Conflicting Values in Russia and a Third Russian Identity

It is precisely the issue of conflicting values which constitutes the thrust of the present article. In fact, in contemporary Russia, there are several sets of opposite or even conflicting values. For example, one of the most salient dividing lines is the one concerning attitudes toward the October Revolution (or, according to a different evaluation, the Bolshevik takeover). According to the Russian Public Opinion Research Center (WCIOM), in response to the question whether the October Revolution actually expressed the will of most people living in the Russian Empire, 45% of respondents answered in the affirmative and 43% in the negative. 46% of respondents believe that the October Revolution was in the interest of the Russian society, while 46% are of the opposite opinion. There is a growing number of people sympathizing, on the one hand, with Lenin, Stalin, and Dzierzynski, and on the other hand, with Nicholas II and admiral Kolchak (one of the leaders of the White movement during the Civil war) (WCIOM, 2017). This divergence of opinions is due to many factors. Indeed, on the one hand, many elderly people are nostalgic about life in the late Soviet Union, which was much easier in many regards, and on the other hand, many people start to take interest in their family roots before the revolution, which brings in focus the fact that their families suffered from the consequences thereof. As a matter of fact, in contemporary Russia, there are numerous descendants of minor nobility, merchants, rich peasants, etc., who did not leave Russia after the revolution. At the same time, the official ideology tries to (inefficiently) reconcile both the period of Ancien régim. and the Bolshevik period by claiming both of them as the historical heritage of present-day Russia. In particular, in school textbooks, one can observe some feeble attempt at rehabilitating the figure of Stalin, wherein Stalin is presented as “a successful manager” and authors even try to find justification of some of his tough measures. Still, younger generations see the western model of development as obviously more successful than the postrevolutionary one which was adopted in the Soviet Union. By the end of the article, we try to show the deeper historical causality lying behind this split of opinion.

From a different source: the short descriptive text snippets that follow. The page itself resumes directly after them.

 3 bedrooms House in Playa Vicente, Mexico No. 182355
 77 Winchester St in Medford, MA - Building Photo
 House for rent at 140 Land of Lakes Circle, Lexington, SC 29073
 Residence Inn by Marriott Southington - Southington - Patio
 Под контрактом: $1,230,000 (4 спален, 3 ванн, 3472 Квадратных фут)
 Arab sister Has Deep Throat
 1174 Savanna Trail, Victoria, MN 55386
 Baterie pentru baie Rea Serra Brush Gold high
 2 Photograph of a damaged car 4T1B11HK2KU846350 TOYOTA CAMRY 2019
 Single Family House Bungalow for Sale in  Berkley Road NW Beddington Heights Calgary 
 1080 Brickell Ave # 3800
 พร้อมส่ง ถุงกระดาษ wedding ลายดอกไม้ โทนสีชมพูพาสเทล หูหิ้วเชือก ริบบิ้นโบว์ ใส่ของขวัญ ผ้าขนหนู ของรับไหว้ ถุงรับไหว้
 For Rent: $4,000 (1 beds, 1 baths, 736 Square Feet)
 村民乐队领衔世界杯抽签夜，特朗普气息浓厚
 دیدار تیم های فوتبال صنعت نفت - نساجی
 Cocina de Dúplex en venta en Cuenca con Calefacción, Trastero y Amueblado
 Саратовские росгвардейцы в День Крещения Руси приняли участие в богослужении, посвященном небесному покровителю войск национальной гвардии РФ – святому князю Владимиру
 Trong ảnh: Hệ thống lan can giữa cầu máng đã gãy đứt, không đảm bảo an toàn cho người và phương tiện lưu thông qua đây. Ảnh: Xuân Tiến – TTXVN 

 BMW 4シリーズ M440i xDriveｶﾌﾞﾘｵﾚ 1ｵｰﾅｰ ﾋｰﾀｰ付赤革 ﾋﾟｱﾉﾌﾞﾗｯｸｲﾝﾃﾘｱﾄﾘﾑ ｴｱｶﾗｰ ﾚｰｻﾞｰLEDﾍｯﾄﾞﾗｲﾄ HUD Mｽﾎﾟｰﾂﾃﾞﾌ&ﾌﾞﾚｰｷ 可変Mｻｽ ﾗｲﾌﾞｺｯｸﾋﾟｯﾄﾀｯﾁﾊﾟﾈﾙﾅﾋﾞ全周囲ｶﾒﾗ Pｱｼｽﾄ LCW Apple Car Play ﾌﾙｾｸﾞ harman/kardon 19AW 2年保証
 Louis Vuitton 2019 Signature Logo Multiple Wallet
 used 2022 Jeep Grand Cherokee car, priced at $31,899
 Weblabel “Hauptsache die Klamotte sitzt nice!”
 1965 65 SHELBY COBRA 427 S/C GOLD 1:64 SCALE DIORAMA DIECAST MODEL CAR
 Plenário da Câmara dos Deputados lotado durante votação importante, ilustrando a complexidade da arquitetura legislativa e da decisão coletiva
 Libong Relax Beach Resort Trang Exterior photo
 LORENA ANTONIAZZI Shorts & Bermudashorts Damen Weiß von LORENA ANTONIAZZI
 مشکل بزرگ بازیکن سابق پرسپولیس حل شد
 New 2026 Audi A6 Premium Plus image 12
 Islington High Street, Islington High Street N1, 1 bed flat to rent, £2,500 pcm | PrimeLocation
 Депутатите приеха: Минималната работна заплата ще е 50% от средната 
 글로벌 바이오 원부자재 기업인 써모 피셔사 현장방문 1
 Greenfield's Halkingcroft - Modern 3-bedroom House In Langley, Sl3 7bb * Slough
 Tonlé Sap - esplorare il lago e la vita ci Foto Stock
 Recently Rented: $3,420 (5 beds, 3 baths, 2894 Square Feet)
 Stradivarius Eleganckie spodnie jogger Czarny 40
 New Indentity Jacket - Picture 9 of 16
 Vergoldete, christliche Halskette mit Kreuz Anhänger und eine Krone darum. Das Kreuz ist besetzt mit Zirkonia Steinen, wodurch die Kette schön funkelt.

It should be emphasized that pluralism and conflict constitute the very keynote of Russian history. To use Norbert Elias’ terms, the civilizing process did not take place in Russia the way it did in Europe. Let us remind that according to the prominent sociologist Norbert Elias, the process of civilization in Europe was conducive to the formation of the social stratum of courtiers, within which new demands of self-control and constraining one’s emotions were imposed, while the thresholds of shame were raised (Elias 1994, 493). External restraints were interiorized and gradually became self-restraints. With time, bourgeoisie came to adopt the same criteria of behavior and thereby the same practice of self-control got extended to the middle class. Now, in Russia, this civilizing process was repeatedly interrupted – first by Peter the Great destroying old Muscovite customs, then (and that precisely at the moment when bourgeoisie was rising) by the October Revolution, and finally by the Revolution of 1991 which swept away the Soviet regime with its own forms of etiquette and its peculiar constraints of inner self-control. This fact could be used in explaining some behavioral peculiarities of contemporary Russians, but it also shows that conflict of values is inherent in the very Russian history.

Another value axis is related to the traditional (at least, since Peter the Great’s reforms) division of the Russian society into two unequal groups: the westernizing intelligentsia and the traditionalist masses. One of the main points of what follows will be to show the simplistic character of this generalization. However, such an opposition is not thoroughly groundless. The Russian elite largely followed western models of behavior (this process started even before Peter the Great, in the middle of the 17th century). By the beginning of the 19th century, some representatives of the Russian aristocracy spoke better French than Russian. At the same time during the Napoleonic wars, a deeper understanding of the spirit of freedom inherent in the West brought about some transformation of what used to be a purely outward imitation. Thenceforth, the Russian intelligentsia did not limit itself to blindly imitating external behavior of the western elites – instead, it creatively carried the fruits of the western thought over to the Russian soil. In fact, even during the Soviet period, intelligentsia continued to be the bearer of some sort of universalist ideas originating from the West.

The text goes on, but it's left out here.